I initially thought that it might be an end seal that had gone, but that's not really consistent with total destruction of the carbon fibre along its entire length. It starts to sound like the carbon fibre tube just failed in the middle, not just at one end.
I remember a lecture, years ago, talking about the problems with carbon fibre, and how it took the aircraft industry a while to perfect it because it kept on developing fatigue cracks. They used aircraft technology on the sub, but the thing is that the pressures on an aircraft or spacecraft are absolutely nothing compared to a deep sea trench. What's a few bars compared to four hundred? They needed to carry out very extensive testing, and by all accounts they didn't. The CEO just pig-headedly assumed everything was fine. The dangers of making assumptions in science.
 
I remember a lecture, years ago, talking about the problems with carbon fibre, and how it took the aircraft industry a while to perfect it because it kept on developing fatigue cracks. They used aircraft technology on the sub, but the thing is that the pressures on an aircraft or spacecraft are absolutely nothing compared to a deep sea trench. What's a few bars compared to four hundred?

Not even that much - the cabin differential of the 787 is only about 9 psi, barely 2/3 of a bar of pressure, and this is more than older aluminium fuselages to provide a lower cabin altitude and a nicer environment for the passengers.

It does have to do it for thousands of cycles though, as the Hawaiian 737 convertible found to its cost…
 
Have they ceased recovering wreckage - maybe smaller carbon fibre samples were inside containers which the video'ers/by-standers did not consider important.
 
I have no idea how they are going to remotely figure out the exact failure mode..

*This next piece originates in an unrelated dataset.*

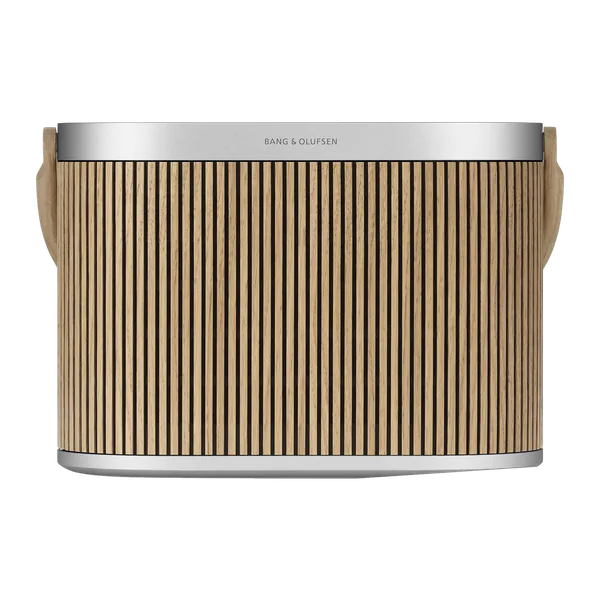 Bang & Olufsen Beosound A5 Portable Speaker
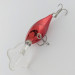 Vintage   Luhr Jensen Hot Lips Express, 2/5oz hot pink fishing lure #24017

The problem with the CF Hull is if anything fails, the window, the joint to the titanium end rings, the general structure of the CF cylinder.. it'll probably just instantly shatter the CF and you lose all pertinent information.

I'm also interested in what kind of 'remains' they've found, I know Scott Manley was thinking if maybe the microSD cards may have survived in the GoPros etc.. that might give a clue, they may lack the final few milliseconds/seconds since that is generally buffered to the card, but if they did drop the weights and there is conversation about why, that might be a big help.
 
Surprised how much of it they managed to recover and also in pretty short time.

You only have to watch the James Cameron documentaries published over the last 30 years, including the 2005 one with Tony Robinson that have been linked previously, to appreciate that the deep submersible tech from 1980s onwards is decades ahead of Ocean Gate.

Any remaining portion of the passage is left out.